3 minute read

A friend brought up the classic Monty Hall problem. During our discussions, I realized it’s interesting to put the problem under the lens of game theory.

Refresher

You’re on a game show. The host shows you three doors, and you win a car iff you open the right door. After you name your choice (door 1), the host opens door 2, showing that it’s not the right one. Now you’re given the choice to switch to door 3. Should you do it?

Person A says it doesn’t matter, since 1 and 3 are still equally likely to be the right door. Why would eliminating door 2 make that untrue?

Person B says we should switch. Before the host opened door 2, door 1 has 1/3 chance to be the right one, i.e. there is 2/3 chance that you’re wrong. If you were wrong, switching would make you right, so door 3 now has 2/3 chance of being right!

This apparent paradox has caused heated debates throughout the years.

A two-player zero-sum game

It turns out that what you should do depends on what the host was thinking when they opened door 2.

Let us reframe the game as a two-player zero-sum game. The contestant picks a door (name it 1), then the host either opens door 1 or another door (name it 2), showing that it’s not the correct door. Now the contestant can pick one of the two unopened doors.

The contestant’s strategy can be characterized with a single probability p. If the host opens door 1, obviously the contestant can only guess among the other two doors, getting it right 1/2 of the time. If the host opens door 2, the contestant can switch with probability p.

The host’s strategy can also be characterized with a single probability q. If door 1 is correct, then the host doesn’t have any choice but to open one of the remaining two doors at random. Otherwise, the host can open door 1 with probability q, forcing the contestant to guess.

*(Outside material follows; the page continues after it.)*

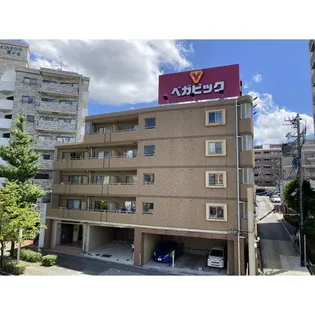 ステラヒルズ【4階】の外観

The contestant’s probability of winning would then be:

P(door 1 is right) * P(contestant doesn't switch)
+ P(door 1 is wrong) * P(host opens door 1) * P(contestant guesses right)
+ P(door 1 is wrong) * P(host opens door 2 or 3) * P(constestant switches)
= 1/3 * (1 + p + q - 2pq)

If the host wants to minimize this probability by changing q, then it depends the sign of 1-2p. If p < 1/2, the host would want q to be minimized, otherwise maximized. The contestant faces an analogous situation: if q < 1/2, p should be maximized, otherwise minimized. In other words, if p is small, q should be small, which should make p large, which should make q large… The only equilibrium is when p = q = 1/2, which makes the probability of winning 1/2. This intuitively makes sense: either player is just randomly guessing, and the result is the same as flipping a coin.

The game show, hypothetically

In the actual game show, the host never opens the contestant’s chosen door, i.e. q = 0. By the above analysis, p should be 1, resulting in a winning probability of 2/3. One way to think about this classic result is that the host is playing a bad strategy and getting exploited by the contestant.

But as a thought experiment, what if you’re the first ever contestant, and you don’t know what the host is thinking when you see door 2 being opened?

  • If q = 0 then switching is 2/3 of a prize;
  • But if q = 1 then switching is 1/3;
  • What if the host only opens the second door if you were correct on the first try? Then switching always loses.
  • What are the host’s incentives? Does the show want to save on the prizes, or is giving more prizes better for ratings?
  • What is the average contestant expected to do? Does that affect the design of the game?

How do we stay sane when playing games when the rules are unknown?